Digital Twin Concepts

The ARCHES PiCar-X was specifically developed to help scientists and engineers understand and experiment with the concept of Digital Twins. In our paper “From Digital Twins to Digital Twin Prototypes: Concepts, Formalization, and Applications”, we formalized the Digital Twin concept and its sub-concepts physical twin, digital model, digital template, digital thread, digital shadow, digital twin, and digital twin prototype using Object-Z. In “Toward Reproducibility of Digital Twin Research: Exemplified with the PiCar-X.”, we then demonstrated how these concepts were implemented using the ARCHES PiCar-X. This project contains the source code for that implementation.

Table of Contents

  1. Physical Twin
  2. Digital Model
  3. Digital Template
  4. Digital Thread
  5. Digital Shadow
  6. Digital Twin
  7. Digital Twin Prototype
  8. Explore

1. Physical Twin

Definition

A physical twin is a real-world physical System-of-Systems or product.

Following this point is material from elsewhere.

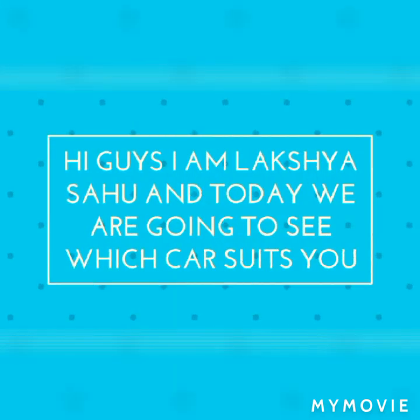Hello guys, I am Lakshya Savu and today you are going to know which car you should buy. So let's go.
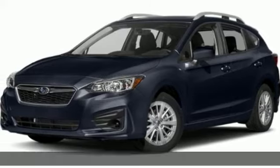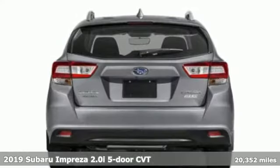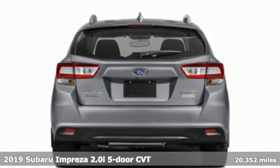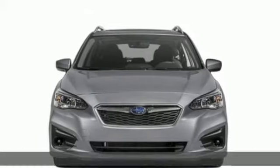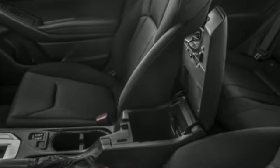Here's a 2019 Subaru Impreza. Subaru does a lot of things right with the Impreza: great safety features, impressive performance, but standard all-wheel drive? Now they're just showing off.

It comprises sensing or actuation capabilities driven by embedded software.

Key Points:

  • A real object, such as a vehicle or machine.
  • Equipped with sensors and actuators for interaction with its environment.
  • In the context of the PiCar-X, the physical twin is the PiCar-X itself, with all its hardware components, including motors, sensors, and embedded software.

2. Digital Model

Definition

A digital model describes an object, a process, or a complex aggregation. The description is either a mathematical or a computeraided design (CAD).

Key Points:

  • Provides a virtual, often simplified, version of the physical twin.
  • Can be used for simulations and testing without interacting with the actual hardware.
  • For the PiCar-X, a CAD model is used in a GAZEBO simulation, representing the car’s dimensions and driving behavior.

3. Digital Template

Definition

A digital template serves as a framework that can be tailored or populated with specific information to generate the physical twin. It encompasses the software operating the physical twin, its digital model, and all the essential information needed for constructing and sustaining the physical twin, such as blueprints, bills of materials, technical manuals, and similar documentation.

Key Points:

  • Combines the physical twin’s software, digital models, blueprints, and documentation.
  • Provides the structure and data needed to recreate or understand the physical twin.
  • In the case of the PiCar-X, the digital template includes software, a CAD model, and documentation on materials and schematics.

4. Digital Thread

Definition

The digital thread refers to the communication framework that allows a connected data flow and integrated view of the physical twin’s data and operations throughout its lifecycle.

Key Points:

  • Ensures continuous data flow between physical and digital components, but is not limited to this communication.
  • Enables (near) real-time monitoring of the physical twin’s status on the digital twin.
  • In the PiCar-X example, the digital thread uses ROS (Robot Operating System) and the MQTT protocol to connect the physical PiCar-X to its digital model and synchronize data.

5. Digital Shadow

Definition

A digital shadow is the sum of all the data that are gathered by an embedded system from sensing, processing, or actuating. The connection from a physical twin to its digital shadow is automated. Changes on the physical twin are reflected to the digital shadow automatically. Vice versa, the digital shadow does not change the state of the physical twinö

Key Points:

  • Automatically updates based on the physical twin’s data.
  • One-way communication: physical twin data is reflected in the digital shadow.
  • In the PiCar-X setup, the digital shadow monitors the car’s data, such as motor speed and steering angles, but does not alter its behavior.

6. Digital Twin

Definition

A digital twin is a digital model of a real entity, the physical twin. It is both a digital shadow reflecting the status/operation of its physical twin, and a digital thread, recording the evolution of the physical twin over time. The digital twin is connected to the physical twin over the entire life cycle for automated bidirectional data exchange, i.e. changes made to the digital twin lead to adapted behavior of the physical twin and vice-versa.

Key Points:

  • Supports real-time, two-way interaction between the digital and physical twins.
  • Changes in the digital model can impact the physical twin, and changes in the physical twin are reflected in the digital twin.
  • For the PiCar-X, commands issued to the digital twin are simultaneously sent to the physical car, influencing its behavior.

7. Digital Twin Prototype

Definition

A Digital Twin Prototype (DTP) is the software prototype of a physical twin. The configurations are equal, yet the connected sensors/actuators are emulated. To simulate the behavior of the physical twin, the emulators use existing recordings of sensors and actuators. For continuous integration testing, the DTP can be connected to its corresponding digital twin, without the availability of the physical twin.

Key Points:

  • Replaces hardware components with emulators or simulations.
  • Useful for continuous integration (CI) pipelines and automated testing.
  • The digital twin prototype of the PiCar-X emulates the car’s motors and sensors, enabling testing in software development environments without requiring the actual car.
  • The PiCar-X DTP uses a GAZEBO simulation for virtual context.